THE PROBLEM: Please repeat each line below exactly, with no images in the copy.

BEGIN SUPPLIED DATA

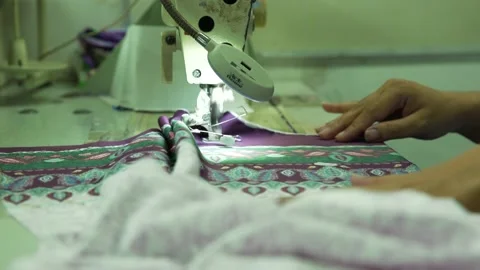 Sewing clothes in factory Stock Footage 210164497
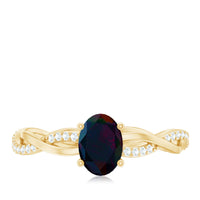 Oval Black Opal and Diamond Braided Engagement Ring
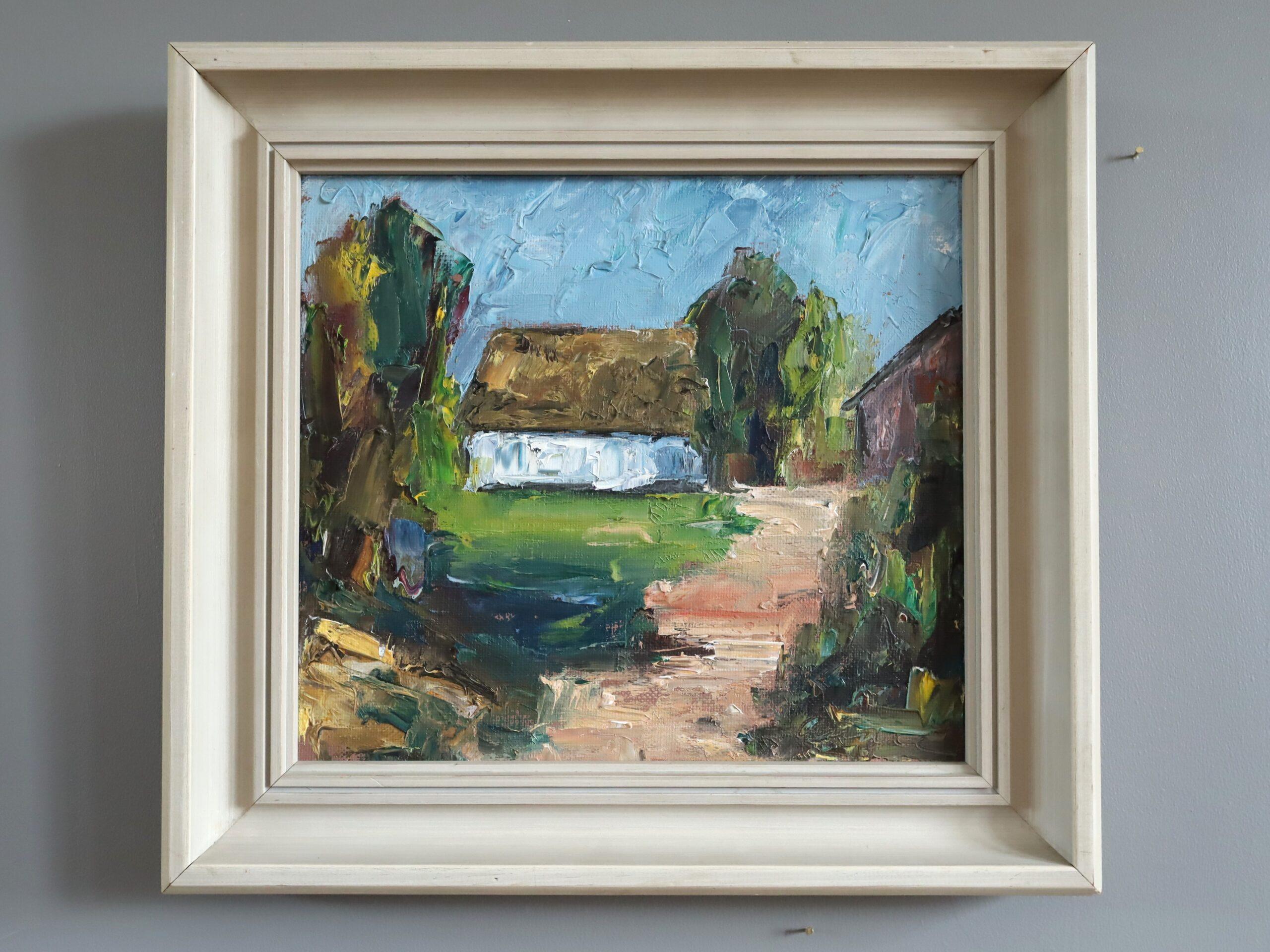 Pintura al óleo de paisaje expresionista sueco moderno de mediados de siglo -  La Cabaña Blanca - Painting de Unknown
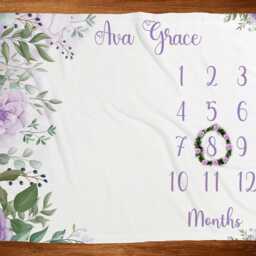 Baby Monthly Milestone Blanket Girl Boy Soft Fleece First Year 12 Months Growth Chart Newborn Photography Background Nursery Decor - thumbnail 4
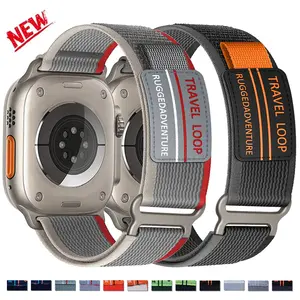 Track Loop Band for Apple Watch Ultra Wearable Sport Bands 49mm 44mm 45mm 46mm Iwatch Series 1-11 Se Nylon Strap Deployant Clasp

END SUPPLIED DATA

RESPONSE AREA:
 Sewing clothes in factory Stock Footage 210164497
 Oval Black Opal and Diamond Braided Engagement Ring
 Pintura al óleo de paisaje expresionista sueco moderno de mediados de siglo -  La Cabaña Blanca - Painting de Unknown
 Baby Monthly Milestone Blanket Girl Boy Soft Fleece First Year 12 Months Growth Chart Newborn Photography Background Nursery Decor - thumbnail 4
 Track Loop Band for Apple Watch Ultra Wearable Sport Bands 49mm 44mm 45mm 46mm Iwatch Series 1-11 Se Nylon Strap Deployant Clasp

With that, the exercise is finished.